- Nickname: Bhai Ki Talwandi
- Talwandi Bhai Location in Punjab, India
- Coordinates: 30°51′44″N 74°55′43″E﻿ / ﻿30.8622°N 74.9285°E
- Country: India
- State: Punjab
- District: Firozpur

Area
- • Total: 3.0 km^{2} (1.2 sq mi)

Population (2011)
- • Total: 17,285
- • Density: 5,800/km^{2} (15,000/sq mi)

Languages
- • Official: Punjabi
- Time zone: UTC+5:30 (IST)
- PIN: 142050
- Area code: 91-1632
- Vehicle registration: Pb 05
- Literacy: 77.70%
- Sex ratio: 878/1000
- Major Highways: NH 5 & NH 54
- Website: lgpunjab.gov.in/eSewa/talwandibhai/about-us/

= Talwandi Bhai =

Talwandi Bhai is a town having a municipal council situated in Ferozepur district in the Indian state of Punjab.
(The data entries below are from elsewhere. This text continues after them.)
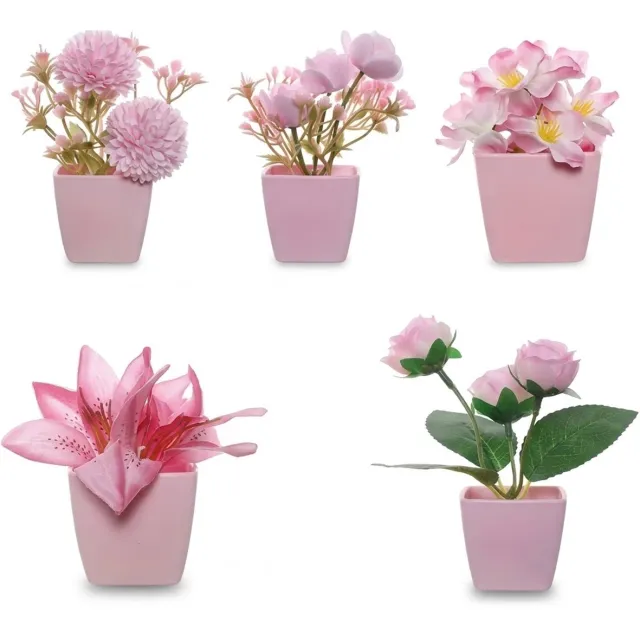 NUVEX Roze kunstbloemen in roze potten 5 stuks – mini kunst planten met verschillende bloemen en groene bladeren – decoratieve nep bloemen voor woonkamer slaapkamer bureau tafel vensterbank en boekenplank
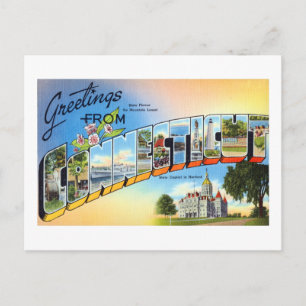 Cartão Postal Vintage Saudações Do Poster de viagens De Connec
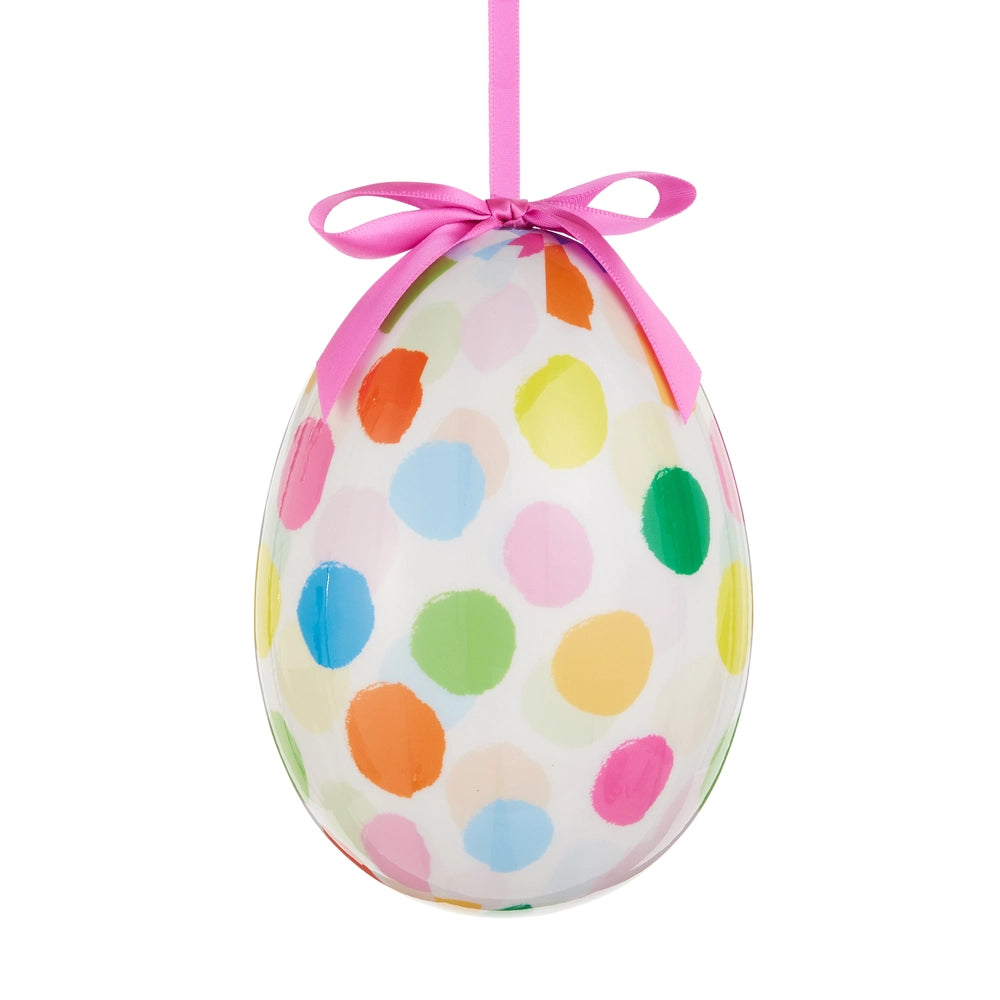 6" POLKA DOT CONFETTI EGG ORNAMENT - Burlap and Bling Decor
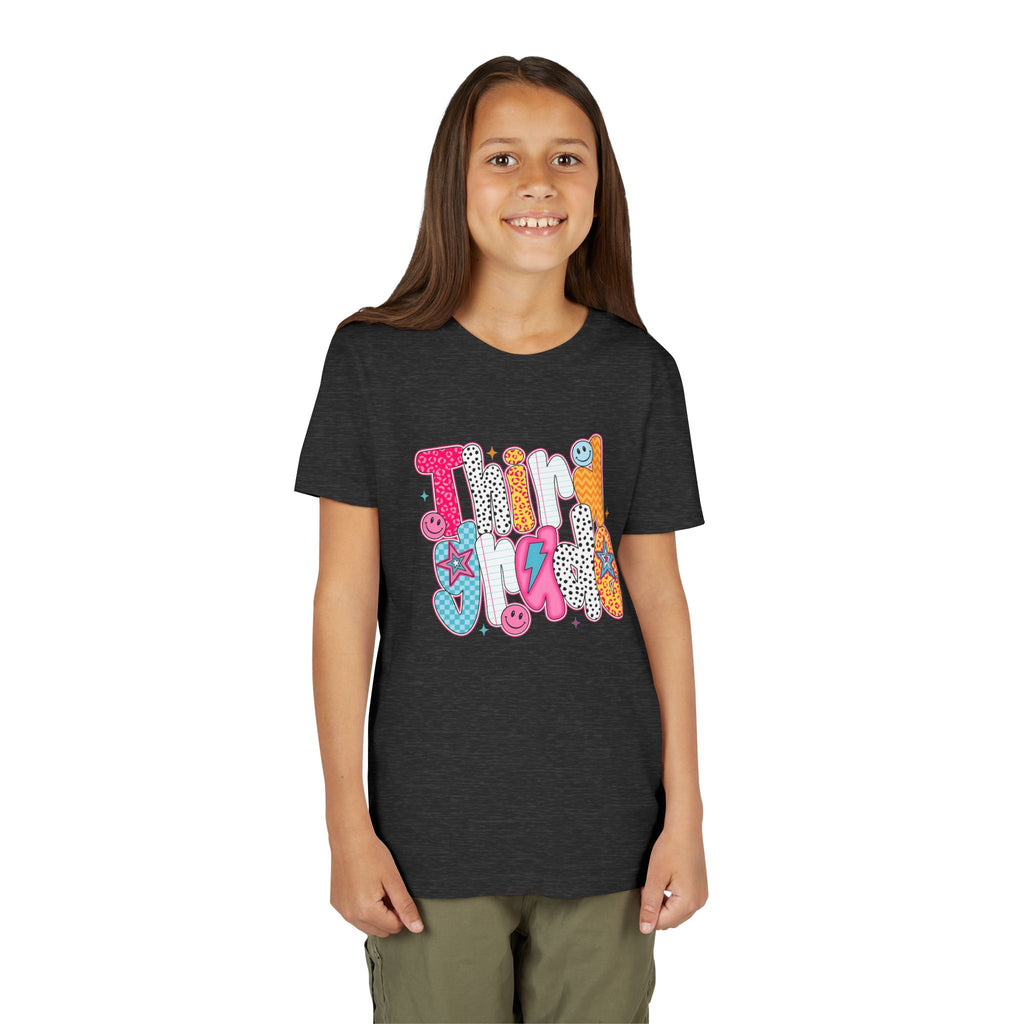 Third Grade — Colorful 'Think Big' Retro Graphic Shirt for Kids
It is situated on national highways NH5 and NH54 (old NH15 and NH95). It started its journey as grain market because it was centred between many villages having rail and road transport facilities and now it has expanded as a multi-professional, agricultural and industrial hub. It is also famous for manufacturing of all types of tractor driven agricultural equipment. Pin code of Talwandi Bhai is 142050.

== Demographics ==
In the 2011 census, the population of Talwandi Bhai was 17,285: 9202 male and 8083 female. Female Sex Ratio is of 878 per 1000 males. Literacy rate of Talwandi Bhai town is 77.70 %, which is higher than state average of 75.84 %.

== Education ==

GOVT. Sen. Sec. School boys
- Jogindra Convent School is a CISCE affiliated Senior Secondary School near Talwandi Bhai
- S.B.R D.A.V Senior Secondary Public School, Talwandi Bhai

== Transport ==
Talwandi Bhai is served by Talwandi railway station and National Highways NH5 and NH54.